**Work to be completed**
The answer consists solely of the lines running from the one with "Storage space Volvo 84432691 Storage" through the final line below, transcribed exactly and without any pictures.

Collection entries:
────────

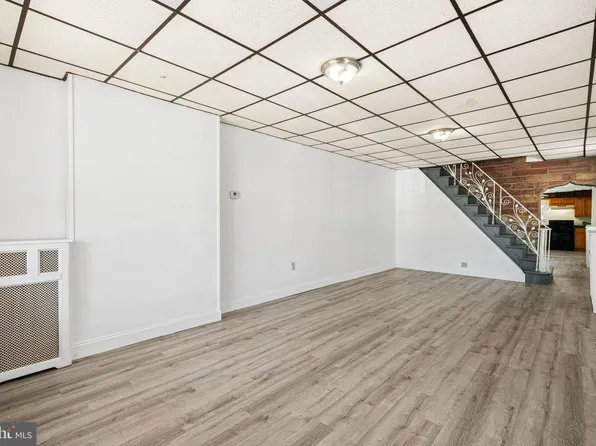 3543 Emerald St, Philadelphia, PA 19134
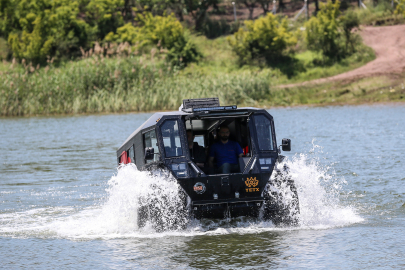 Bataklık ve su yüzeyinde de gidebilen arazi aracı Bursa'dan 12 ülkeye ihraç ediliyor
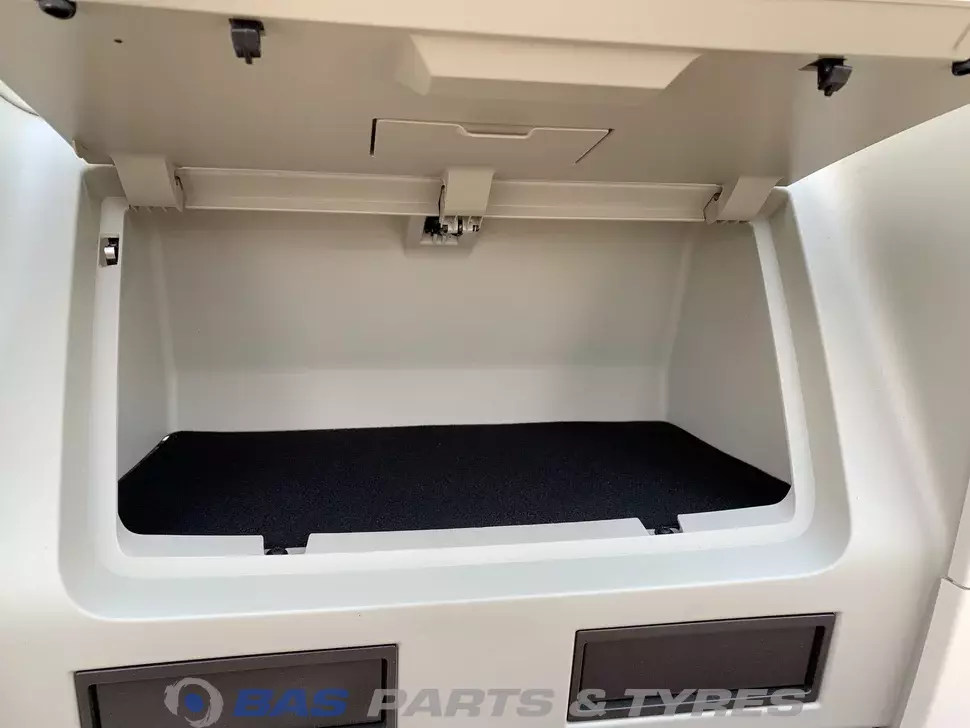 Storage space Volvo 84432691 Storage space Volvo 84432691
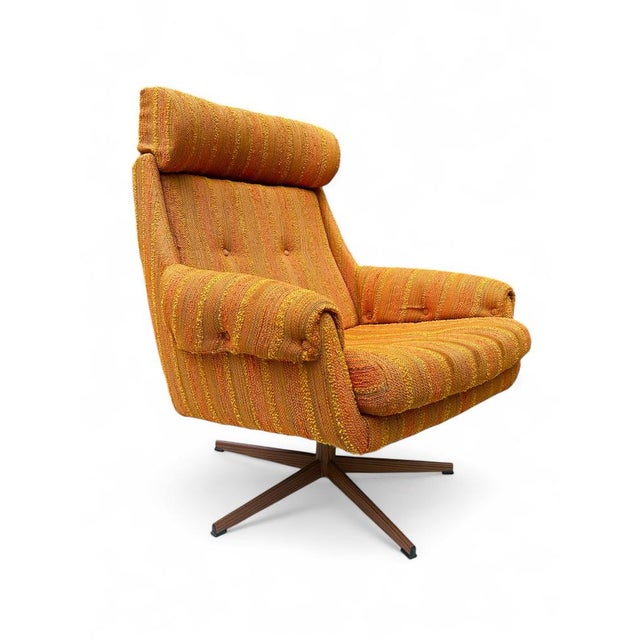 Mid-Century Modern Scandinavian Style Swivel Armchair, 1960s For Sale - Image 3 of 11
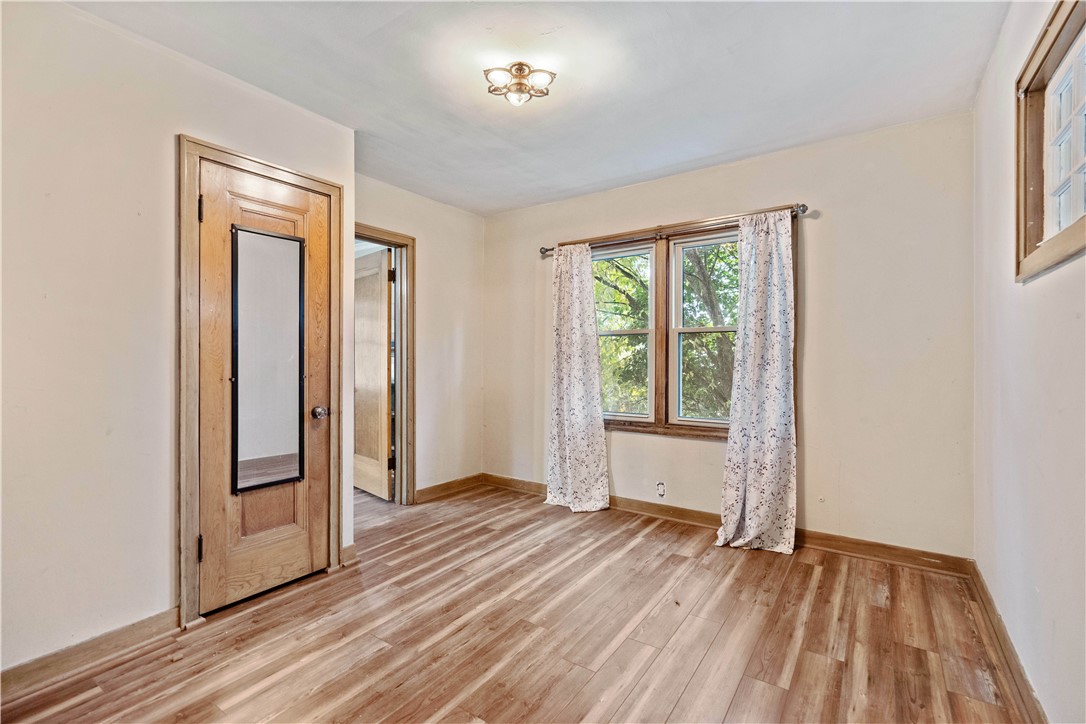 Bethel Park, Pennsylvania 15102, United States, 3 Bedrooms Bedrooms, ,1 BathroomBathrooms,Residential,Active,185940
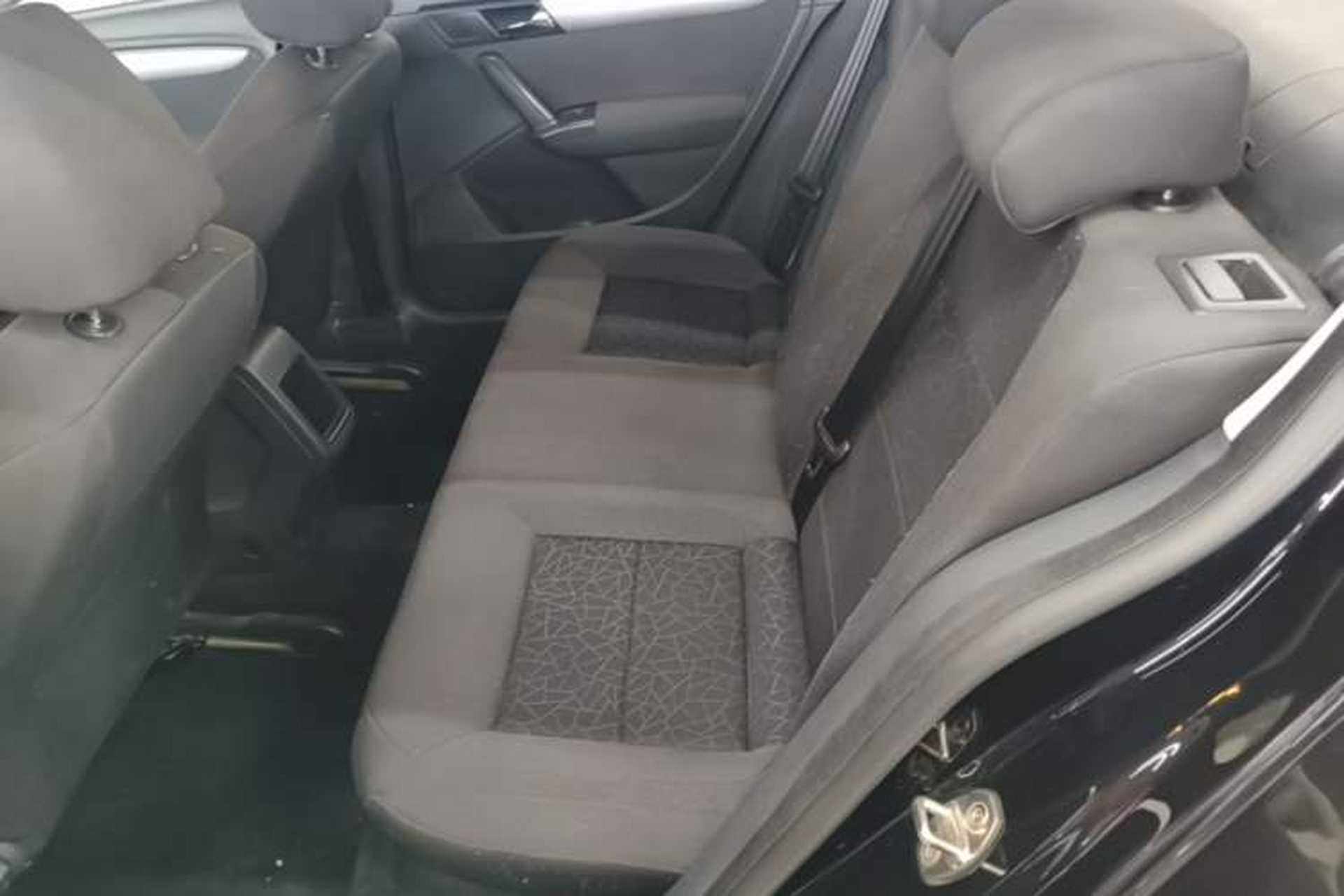 Used Volkswagen Lavida 2013 Revised Classic 1.6L Manual Fashion Edition Left Rear Seat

────────

**Reply**
 Storage space Volvo 84432691 Storage space Volvo 84432691
 Mid-Century Modern Scandinavian Style Swivel Armchair, 1960s For Sale - Image 3 of 11
 Bethel Park, Pennsylvania 15102, United States, 3 Bedrooms Bedrooms, ,1 BathroomBathrooms,Residential,Active,185940
 Used Volkswagen Lavida 2013 Revised Classic 1.6L Manual Fashion Edition Left Rear Seat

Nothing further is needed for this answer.